Immigration policy remains a significant focus of Congress. For decades, some U.S. politicians have focused on closing the U.S.-Mexico border to try to stop the northward flow of migrant workers. But little focus has been given to the “supply side” of a surge in immigration into the United States by people from Latin America: U.S. trade policies that have caused massive displacement of small farmers in Mexico and other Latin American countries. Indeed, many policymakers most focused on “closing” the U.S. border were the very same ones who supported U.S. trade policies that have caused the economic crises that destroyed livelihoods and devastated communities throughout Latin America – creating powerful incentives for people desperate for new livelihoods to migrate in the first place.
The North American Free Trade Agreement (NAFTA) was negotiated by the George H.W. Bush administration between the United States, Mexico, and Canada and passed by the Bill Clinton administration. More than two decades of NAFTA have devastated Mexico’s rural economy, eroded economic opportunities for decent manufacturing jobs and destroyed many small and medium-sized businesses in Mexico. NAFTA, which benefited only the narrow corporate special interests who designed and pushed it, generated enormous pressures for workingage Mexicans to attempt the dangerous journey to the United States. In NAFTA’s first seven years, Mexican immigration to the United States more than doubled, surging 108 percent.

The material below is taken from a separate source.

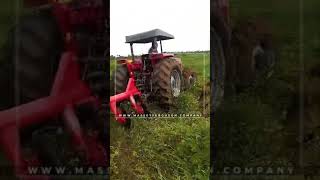 MF 385 4WD  85HP with Disc Plough  Another Satisfied Customer  Massey Ferguson Company [upl. by Brighton]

The George W. Bush administration then negotiated an expansion of the failed NAFTA model to six Central American nations via the controversial Central America Free Trade Agreement (CAFTA). CAFTA proponents promised that the deal would reduce gang and drug-related violence in Central America, diminishing the flow of immigrants from the region to the United States. But the opposite has happened – gang and drug-related violence in Central America has reached record highs and immigration from the region has surged, as dramatically demonstrated by the waves of unaccompanied Central American children arriving at the U.S. southern border. Economic instability – exacerbated by CAFTA – has fed the region’s increase in violence and forced migration. Under CAFTA, family farmers in El Salvador, Guatemala and Honduras have been displaced, while the economies have become dependent on short-lived apparel assembly jobs – many of which have already vanished.